Dataset extract below:

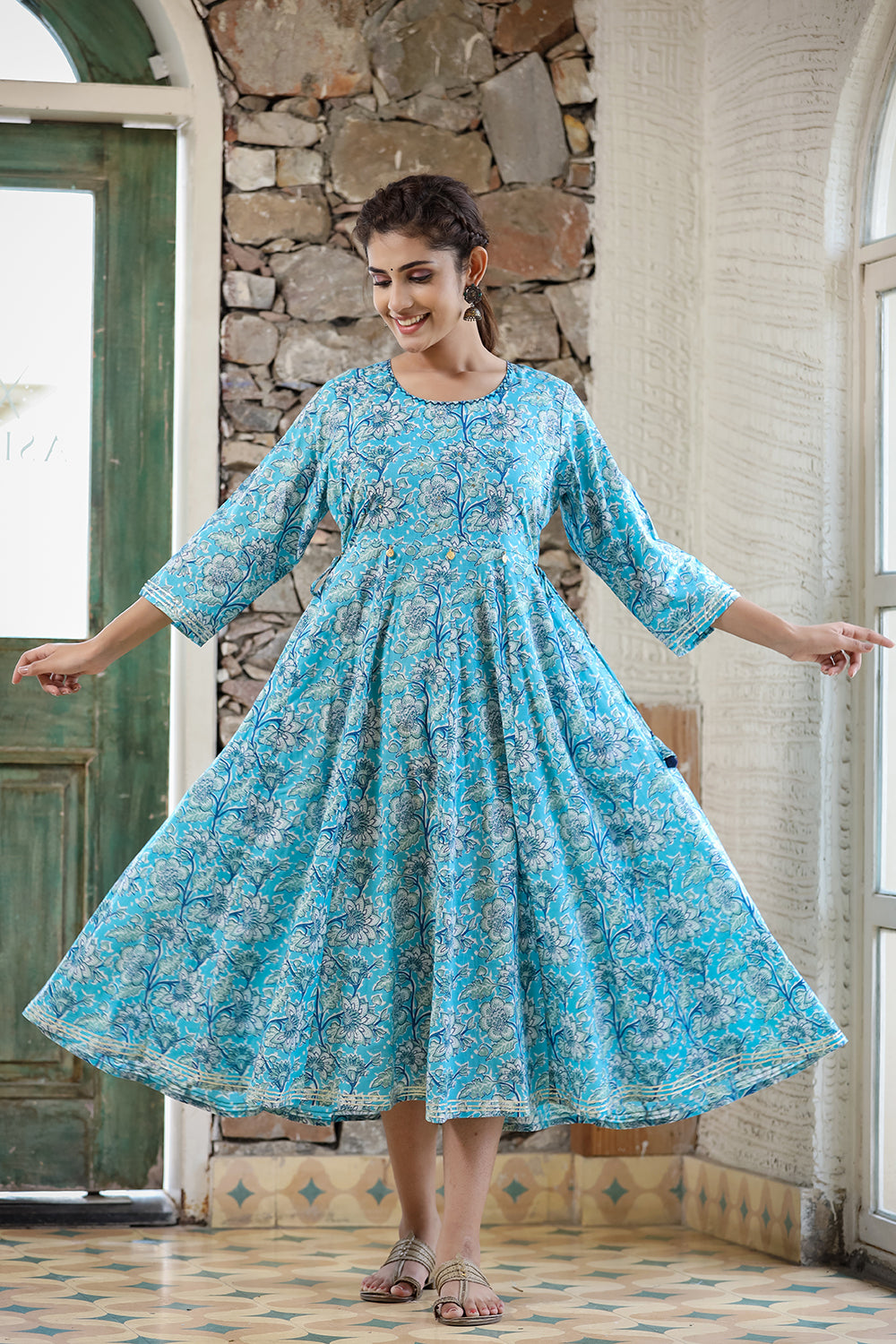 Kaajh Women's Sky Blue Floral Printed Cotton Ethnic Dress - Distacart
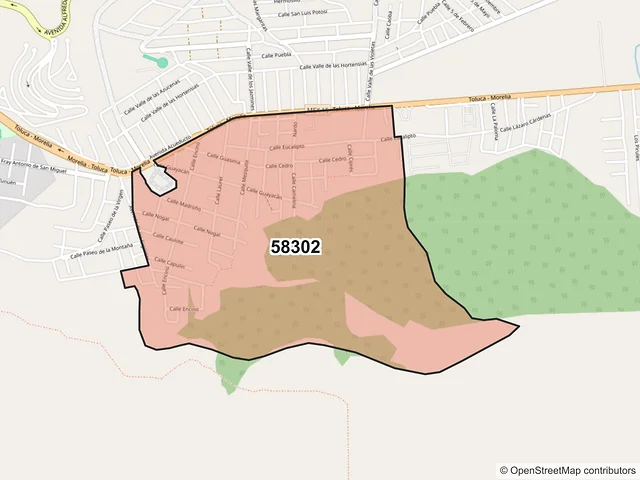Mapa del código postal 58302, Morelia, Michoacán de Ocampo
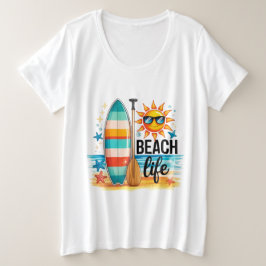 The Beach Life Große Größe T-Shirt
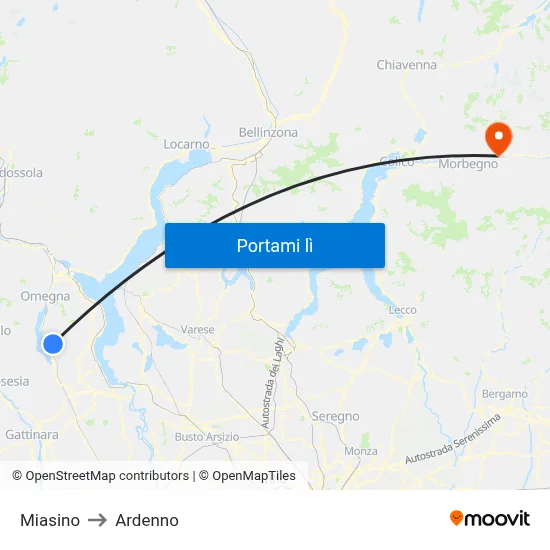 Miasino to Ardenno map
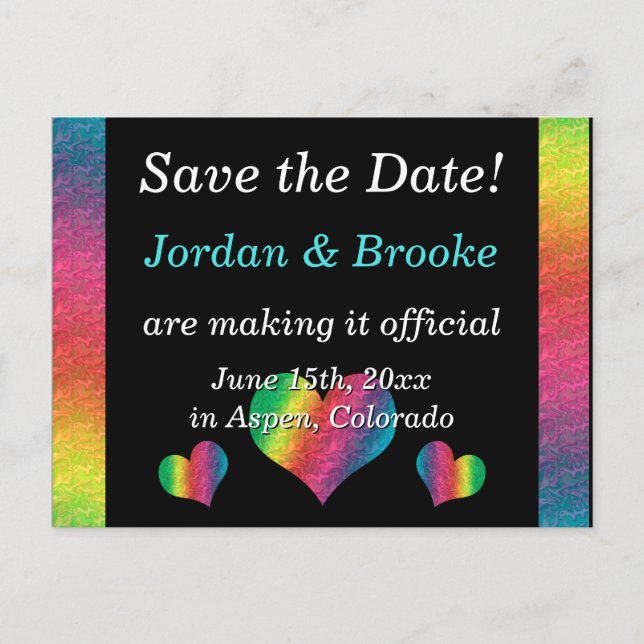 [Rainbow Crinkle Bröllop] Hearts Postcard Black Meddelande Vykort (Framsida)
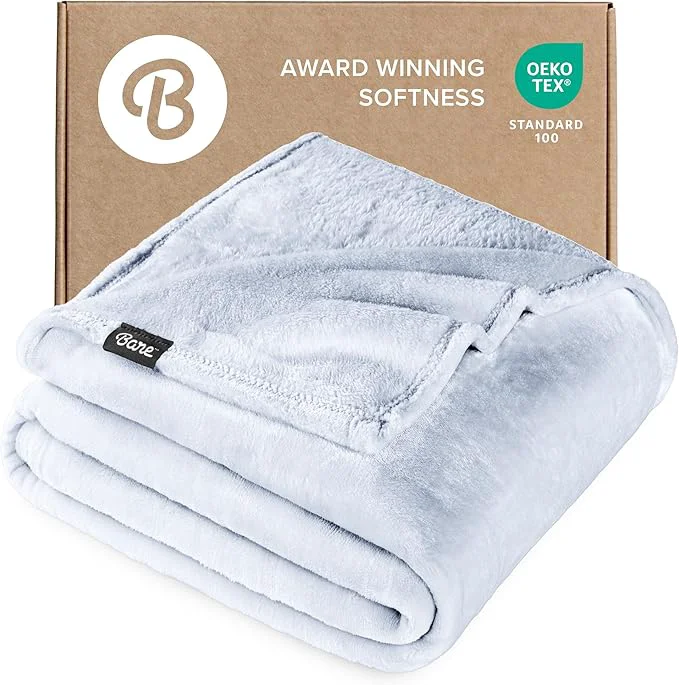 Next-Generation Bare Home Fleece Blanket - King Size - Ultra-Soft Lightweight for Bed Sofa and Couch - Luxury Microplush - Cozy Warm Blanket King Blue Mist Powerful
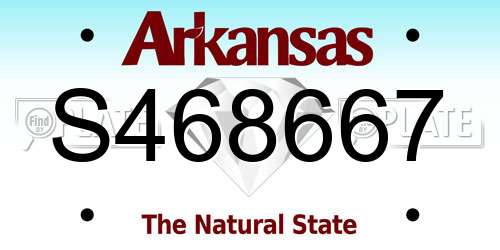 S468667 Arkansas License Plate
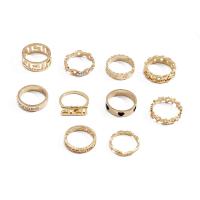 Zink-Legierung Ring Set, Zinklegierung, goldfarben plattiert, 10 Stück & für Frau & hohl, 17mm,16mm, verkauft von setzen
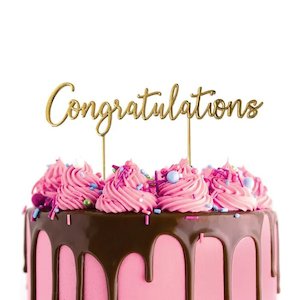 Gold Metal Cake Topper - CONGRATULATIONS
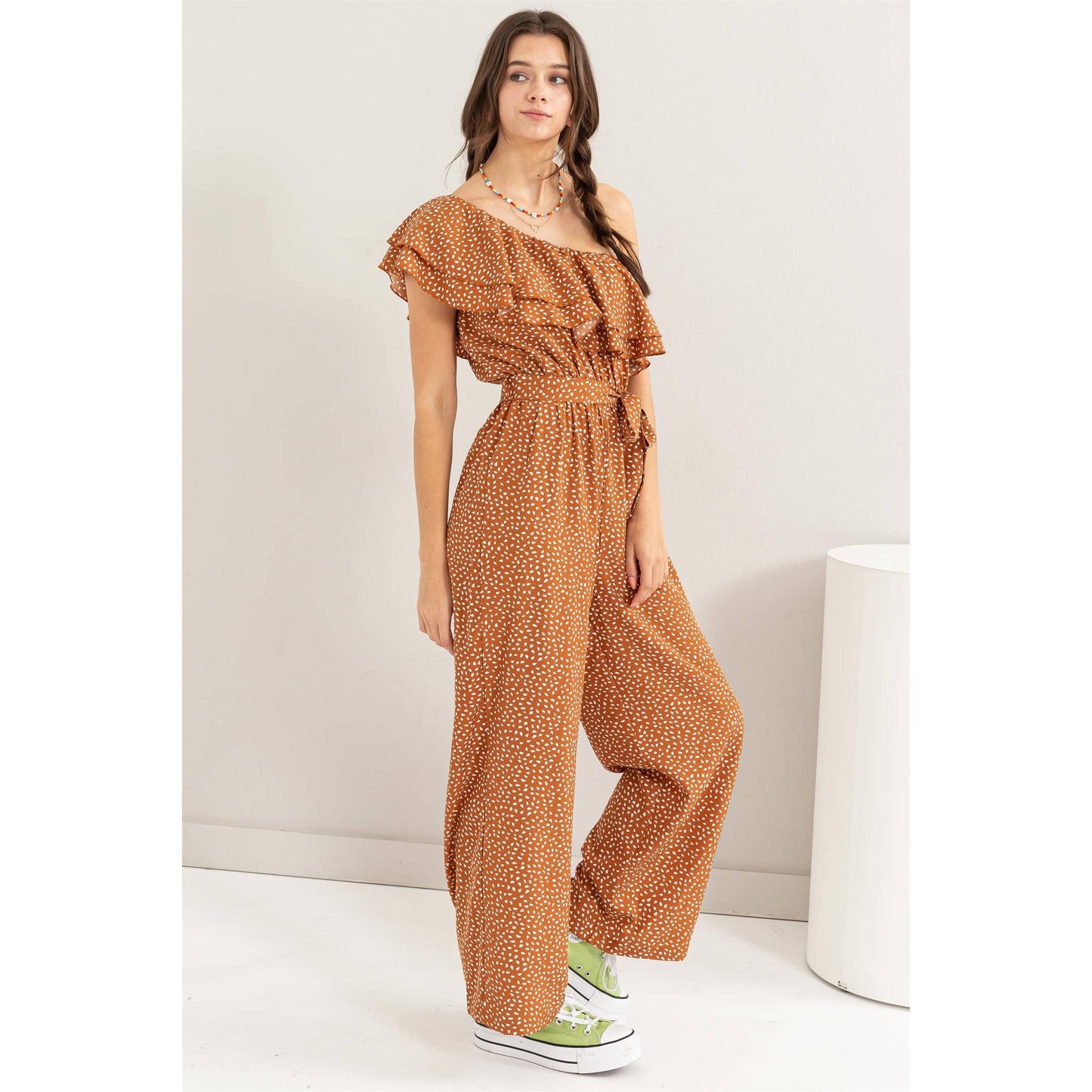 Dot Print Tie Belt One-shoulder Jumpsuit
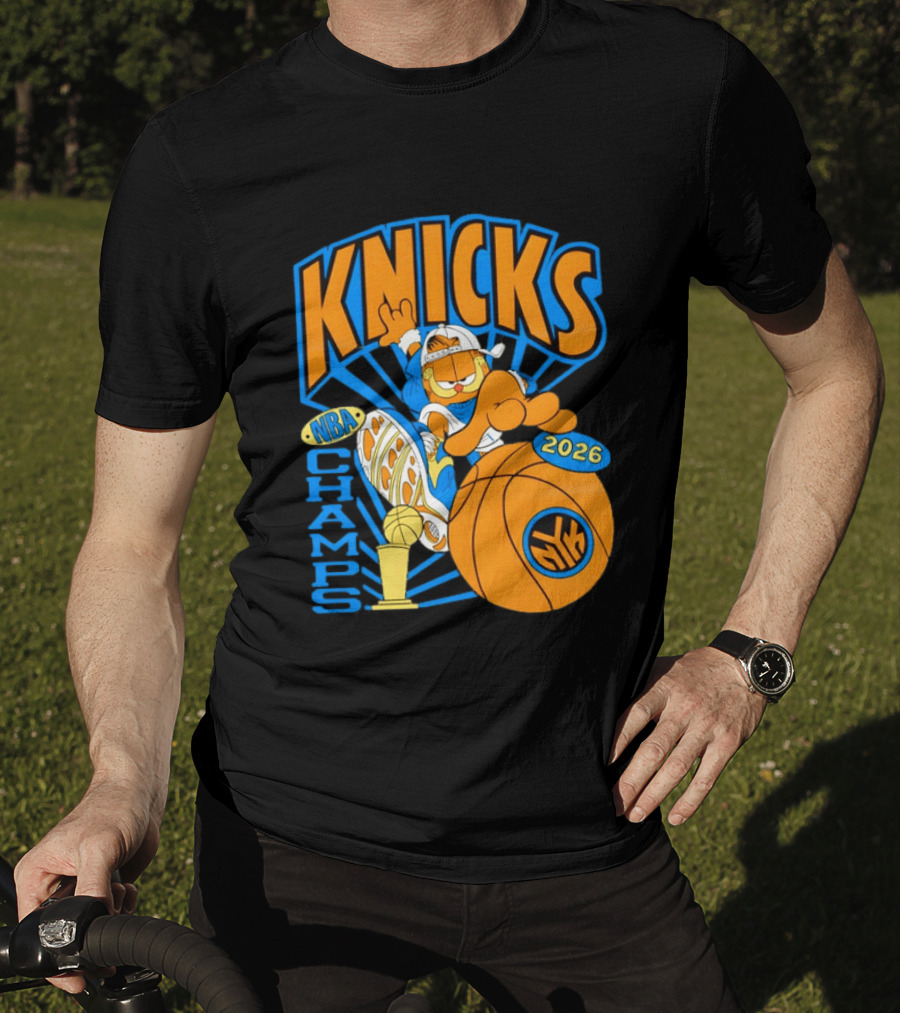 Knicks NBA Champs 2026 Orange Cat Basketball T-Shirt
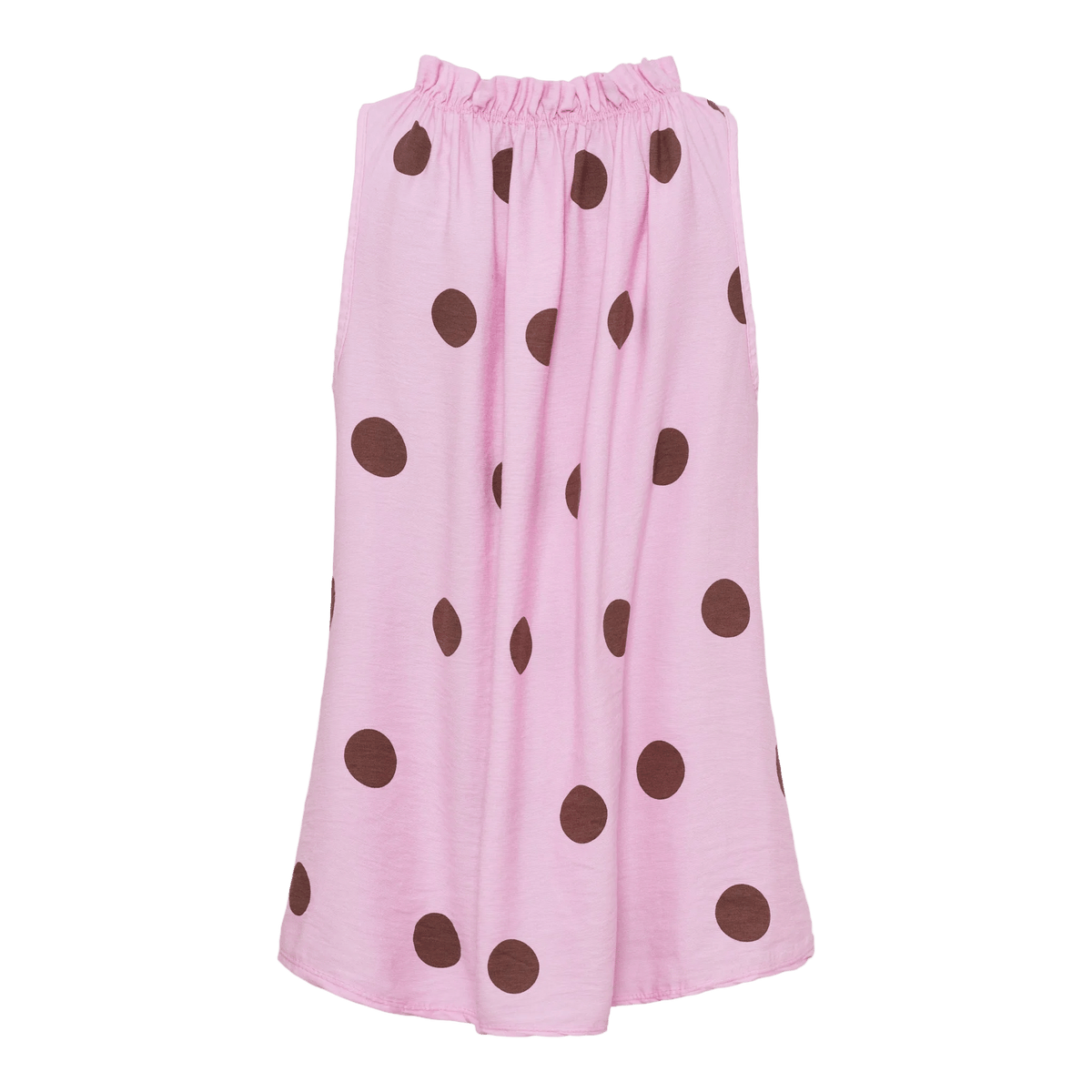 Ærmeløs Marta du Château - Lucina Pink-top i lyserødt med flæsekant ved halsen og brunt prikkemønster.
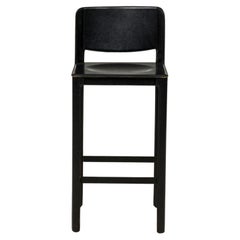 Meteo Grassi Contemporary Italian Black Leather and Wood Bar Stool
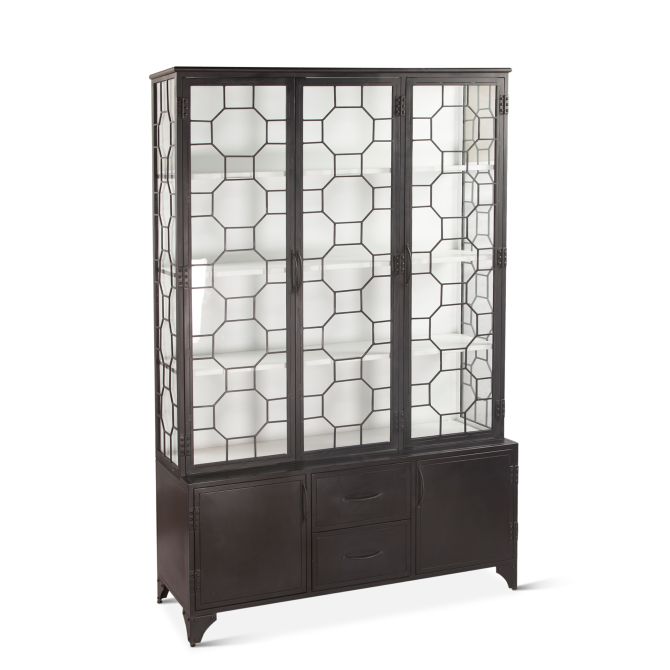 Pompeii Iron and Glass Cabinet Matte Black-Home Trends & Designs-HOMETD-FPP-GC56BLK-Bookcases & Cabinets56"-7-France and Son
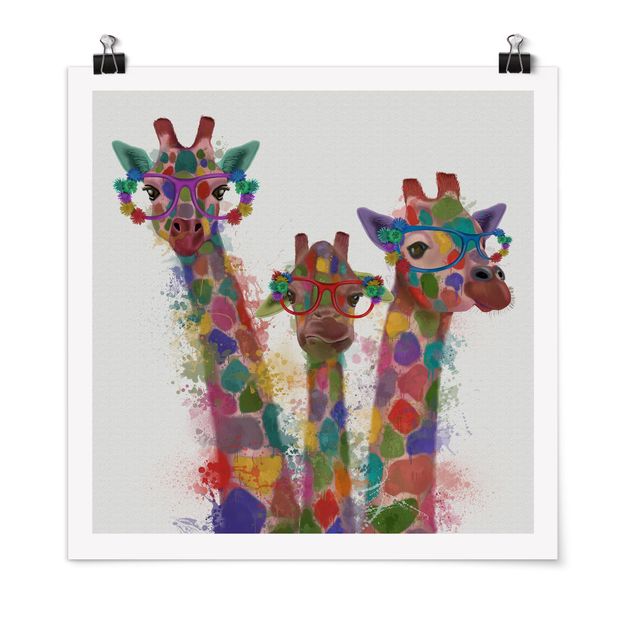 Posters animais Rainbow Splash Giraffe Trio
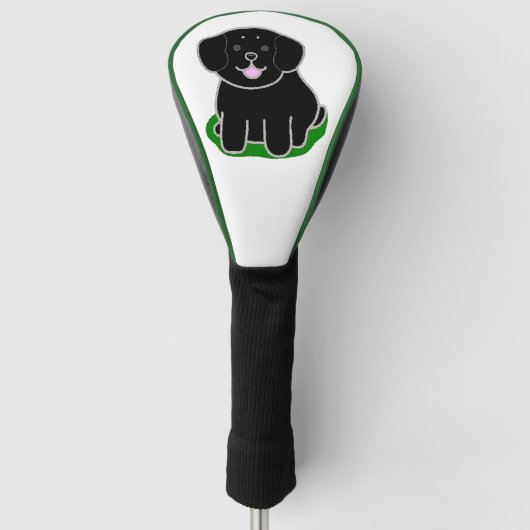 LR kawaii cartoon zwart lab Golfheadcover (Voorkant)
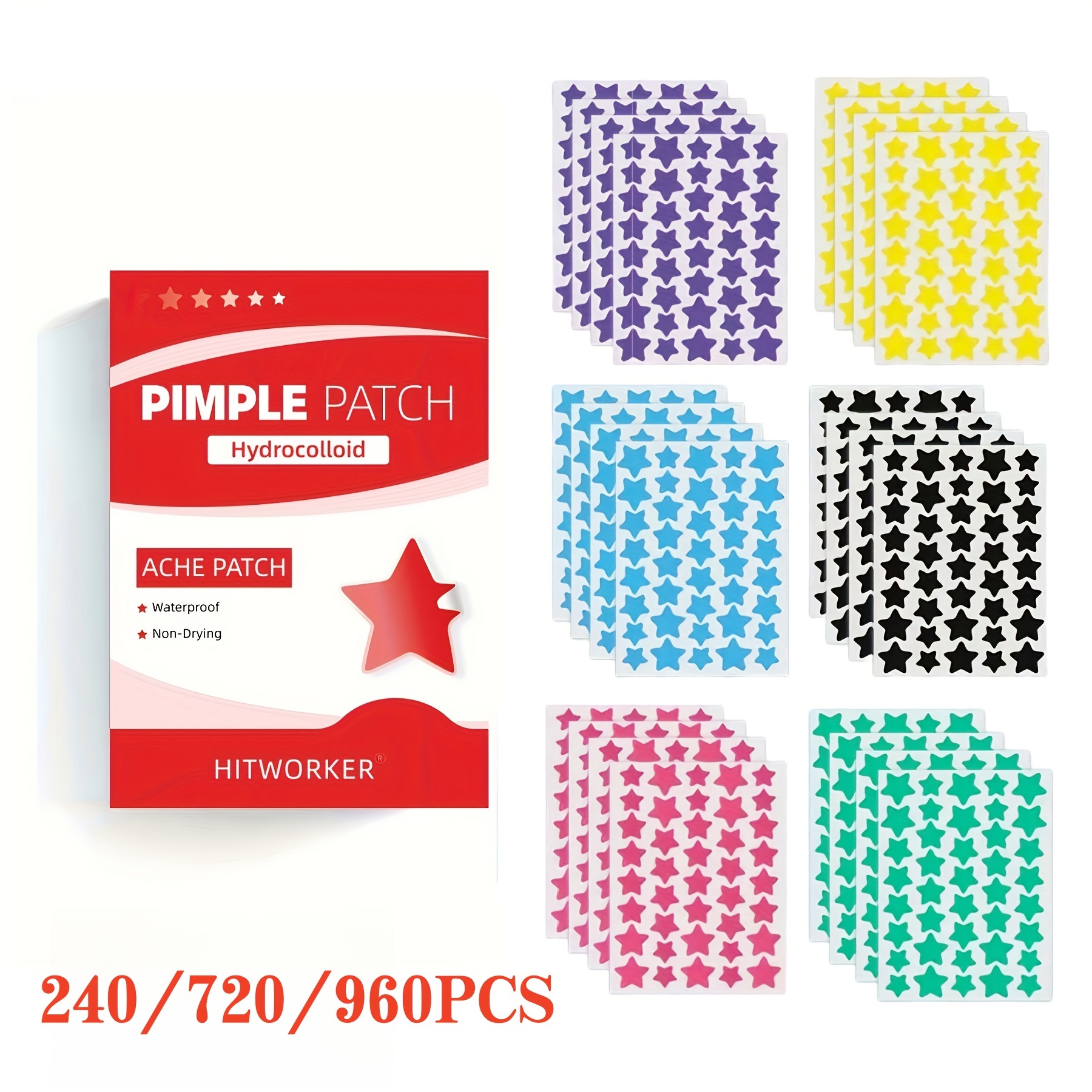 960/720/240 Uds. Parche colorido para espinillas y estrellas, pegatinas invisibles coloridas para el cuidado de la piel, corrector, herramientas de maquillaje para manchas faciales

End of Dataset extract.

Each line of the data must be transcribed exactly; pictures are not carried over.

> [Reply to the exercise]
 Kaajh Women's Sky Blue Floral Printed Cotton Ethnic Dress - Distacart
Mapa del código postal 58302, Morelia, Michoacán de Ocampo
 The Beach Life Große Größe T-Shirt
 Miasino to Ardenno map
 [Rainbow Crinkle Bröllop] Hearts Postcard Black Meddelande Vykort (Framsida)
 Next-Generation Bare Home Fleece Blanket - King Size - Ultra-Soft Lightweight for Bed Sofa and Couch - Luxury Microplush - Cozy Warm Blanket King Blue Mist Powerful
 S468667 Arkansas License Plate
 Zink-Legierung Ring Set, Zinklegierung, goldfarben plattiert, 10 Stück & für Frau & hohl, 17mm,16mm, verkauft von setzen
 Gold Metal Cake Topper - CONGRATULATIONS
 Dot Print Tie Belt One-shoulder Jumpsuit
 Knicks NBA Champs 2026 Orange Cat Basketball T-Shirt
 Ærmeløs Marta du Château - Lucina Pink-top i lyserødt med flæsekant ved halsen og brunt prikkemønster.
 Meteo Grassi Contemporary Italian Black Leather and Wood Bar Stool
 Pompeii Iron and Glass Cabinet Matte Black-Home Trends & Designs-HOMETD-FPP-GC56BLK-Bookcases & Cabinets56"-7-France and Son
 Posters animais Rainbow Splash Giraffe Trio
 LR kawaii cartoon zwart lab Golfheadcover (Voorkant)
 960/720/240 Uds. Parche colorido para espinillas y estrellas, pegatinas invisibles coloridas para el cuidado de la piel, corrector, herramientas de maquillaje para manchas faciales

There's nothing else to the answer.